Chair of the Asia Pacific Screen Awards and its Academy, Michael Hawkins, said “It is with great pleasure that I announce that the eminent academic and filmmaker Professor Hong-Joon Kim will, for the 11th year, chair the APSA International Nominations Council. Professor Kim has steered this important process since APSA’s beginnings, and his incredible knowledge of Asia Pacific cinema is invaluable to the integrity of our nominations process. We are honoured to have him return.”

The APSA International Nominations Council will meet in Brisbane in September for the important task of deciding the nominees for Best Feature Film, Achievement in Directing, Achievement in Cinematography, Best Screenplay and two acting categories, Best Performance by the Actress and Actor. They will also determine the nominees in the prestigious Cultural Diversity Award, under the patronage of UNESCO.
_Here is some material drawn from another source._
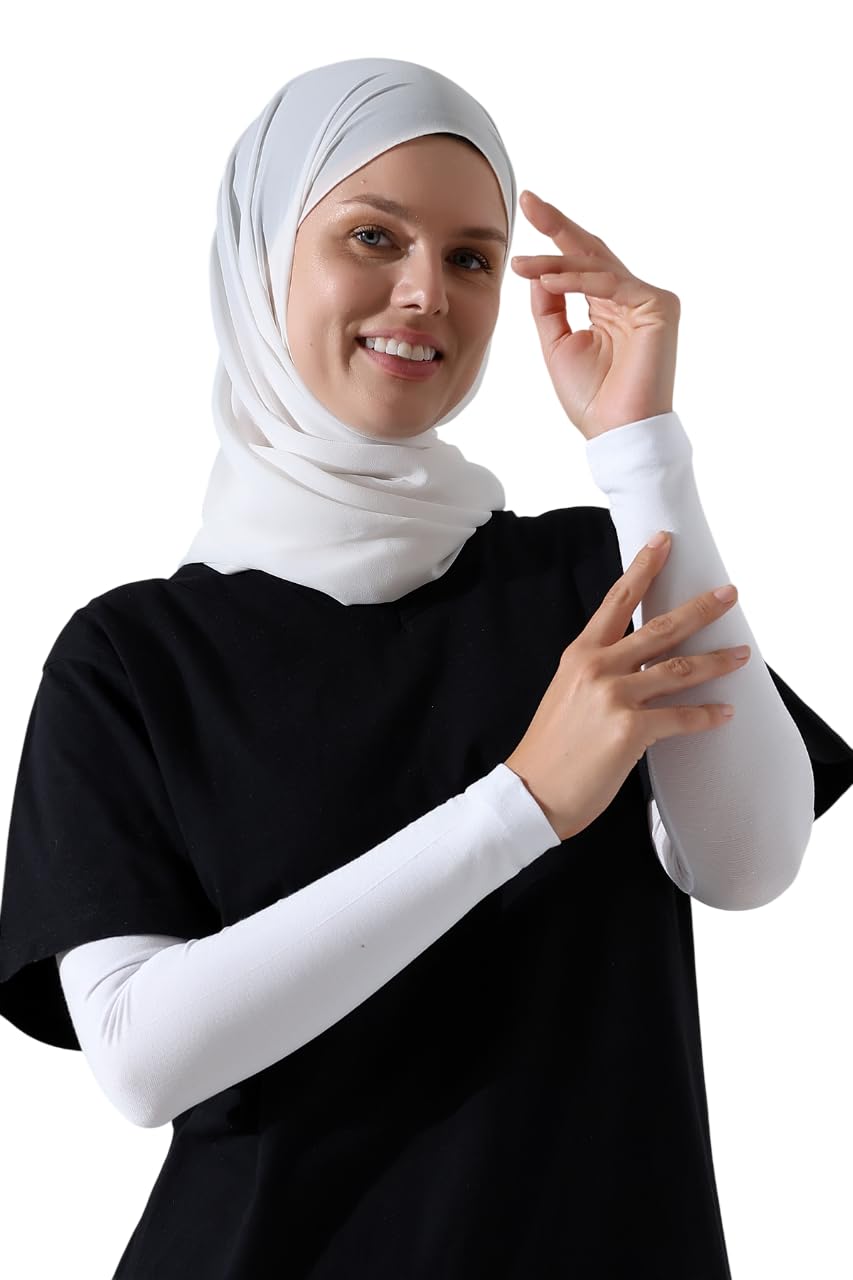 ihvan online, Hijab Sleeves for Women, Muslim Arm Sleeve for Prayer, Women's Soft Stretchy Modest Sleeves to Cover Arms, White
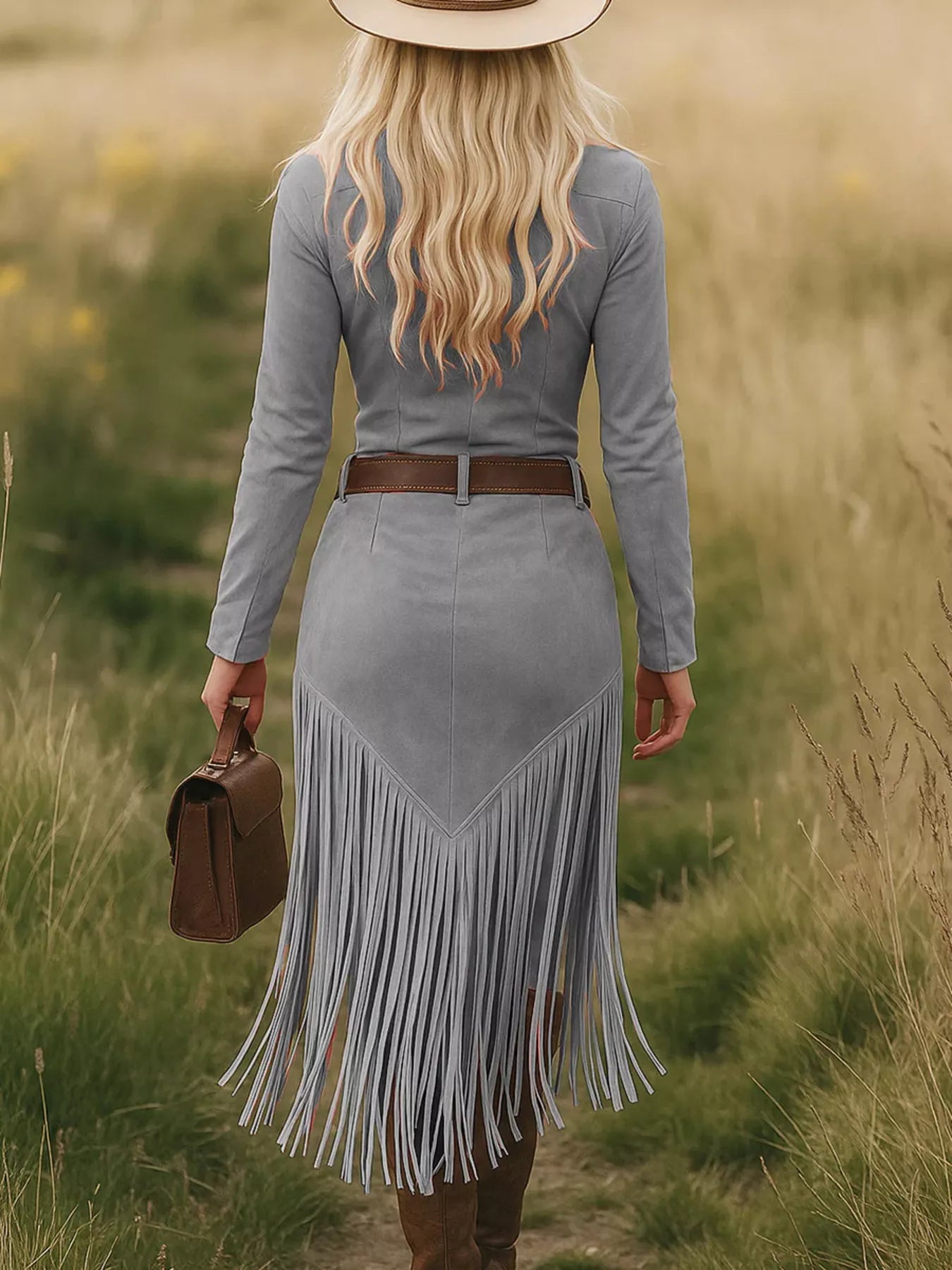 Woman in a gray fringe dress walking through a field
Introduced in 2016, the APSA Young Cinema Award presented by NETPAC (Network for the Promotion of Asian Cinema) and Griffith Film School (GFS) is determined by the NETPAC Jury, members of which are drawn from the APSA International Nominations Council.

In 2017, Professor Kim will be joined in the APSA International Nominations Council by returning members, film critic, film curator and film festival consultant Meenakshi Shedde (India) and film critic, film researcher and artistic director Gulnara Abikeyeva (Kazakhstan), and for the first time, acclaimed writer, director, producer Shawkat Amin Korki (Iraqi Kurdistan), journalist, broadcaster and film critic Julie Rigg (Australia) and film critic, curator and author Kiki Fung (Hong Kong (PRC))

Now with a permanent home in Brisbane, Australia’s New World City, the Asia Pacific Screen Awards are supported by Brisbane City Council and managed by economic development board Brisbane Marketing.

2017 APSA INTERNATIONAL NOMINATIONS COUNCIL

Hong-Joon Kim (Chair) Republic of Korea Professor, Department of Film, School of Film, TV and Multimedia, Korea National University of Arts
Hong-Joon Kim was Festival Director of the Puchon International Fantastic Film Festival and Commissioner of the Korean Film Council from 2000-2005. His published books include I, a Filmmaker: Kim Hong-Joon’s Film Notes and Two or Three Things You Want to Know About Movies. Hong-Joon Kim is an award-winning director, and screenwriter of films including Jungle Story and La Vie En Rose. He hosted and co-wrote the television series Korean Classical Cinema Special.

Meenakshi Shedde India Film Critic, Film Curator, Film Festival Consultant
Meenakshi Shedde is South Asia Consultant to the Berlin International Film Festival, and Consultant to the Dubai International Film Festival, based in Mumbai, India. She has been India/Asia Curator/Consultant to the Toronto, Locarno, Busan, World Cinema Amsterdam, International Film Festival of India (IFFI-Goa), Kerala and Mumbai Film Festivals. A journalist for 30 years and winner of India’s National Award for Best Film Critic, she has been on the jury of 20 international film festivals, including Cannes, Berlin, Venice, Karlovy Vary and Taipei. Meenakshi has mentored filmmakers, screenwriters and critics at various festivals around the world and has written for 12 books.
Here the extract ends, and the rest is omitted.